On balance, it appears there is a not-insignificant number of people in Britain who don't want to see the country resemble East Germany but would welcome a credible centre-left alternative to the current government.
The NHS is a good case in point for a desire for sensible centre-left policies. Poll after poll shows that people from across the political spectrum are keen to keep the NHS free at the point of use. The need for reform in the NHS is also widely acknowledged and accepted, but Labour has done an appalling job of showing people how the ongoing reforms of the NHS by the Tory-LibDem coalition and now the Tory majority government are doing more harm than good and have made the NHS less cost-effective and more bureaucratic than ever. Like the LibDem failings, this should have been a gift for Labour at the last election. Hell, ex-Tory leadership prospect Michael Portillo is on the record back in 2011 as saying that David Cameron and Tories lied to the people of Great Britain about their intentions for the NHS because they knew it'd be electoral suicide.
If Corbyn can provide a compassionate and cost-effective alternative to the destructive Health and Social Care Act of 2012, that alone would make him a very popular Labour leader. And the same goes for the welfare bill - it is one thing to take a stand with 47 rebel MPs against what is largely terrible legislation but it is quite another to put forward a bold new proposal that doesn't throw the vulnerable under a bus, doesn't penalise the millions of people in work who rely on benefits, and shows a genuine commitment to job creation.
Would it be so terrible if Corbyn led the Labour Party? Or would it be like Michael Foot all over again?
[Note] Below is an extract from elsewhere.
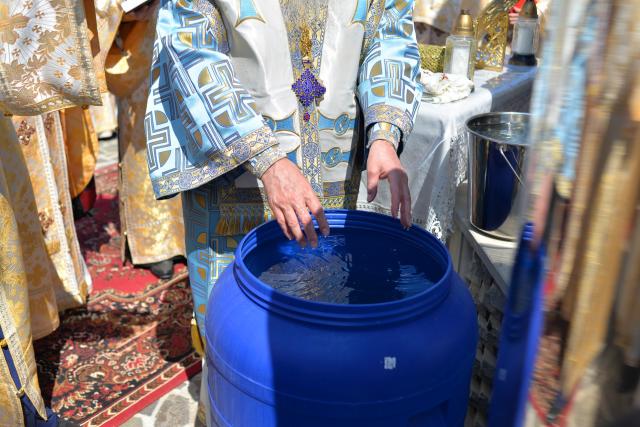 Hram la Mănăstirea Zosin: „Adevăratul creştin, dacă doreşte să alunge răul din lume, trebuie să înceapă cu el însuşi”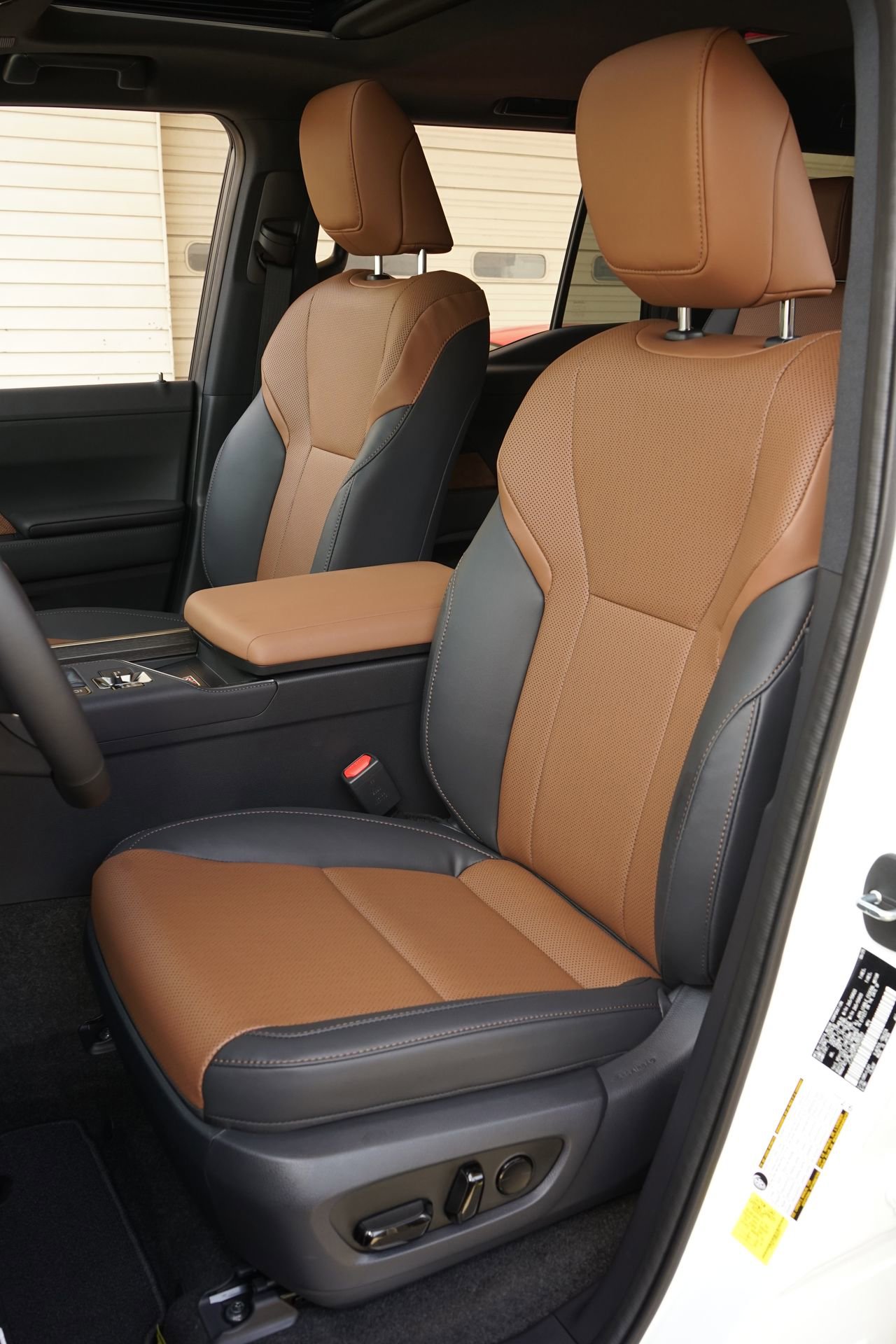 Used 2026 Lexus GX 550 w/ Cold Area Package image 8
What I do know is that the left can be easily disappointed in their leaders. There is a tendency to place heroes on pedestals - so ironically anti-egalitarian - and this gives them a long way to fall for even the slightest transgression. Barack Obama, Ed Milliband and Julia Gillard are examples of heroes of the left who, despite varying degrees of success, have invoked serious disappointment among some of their supporters. If Corbyn, as Labour Party leader, shows any signs of compromising with the centre-right factions of the party - even if this means preserving his leadership - I predict he will face a barrage of criticism from people who hitherto supported him, just as surely as he would be crucified if he released a manifesto that the mainstream media deemed to be too socialist.
Corbyn will face a delicate balancing act if he becomes leader of the Labour Party. How he manages to walk this tightrope might ultimately depend on how much he wants to lead the party more than how much his party want him to win an election in 2020.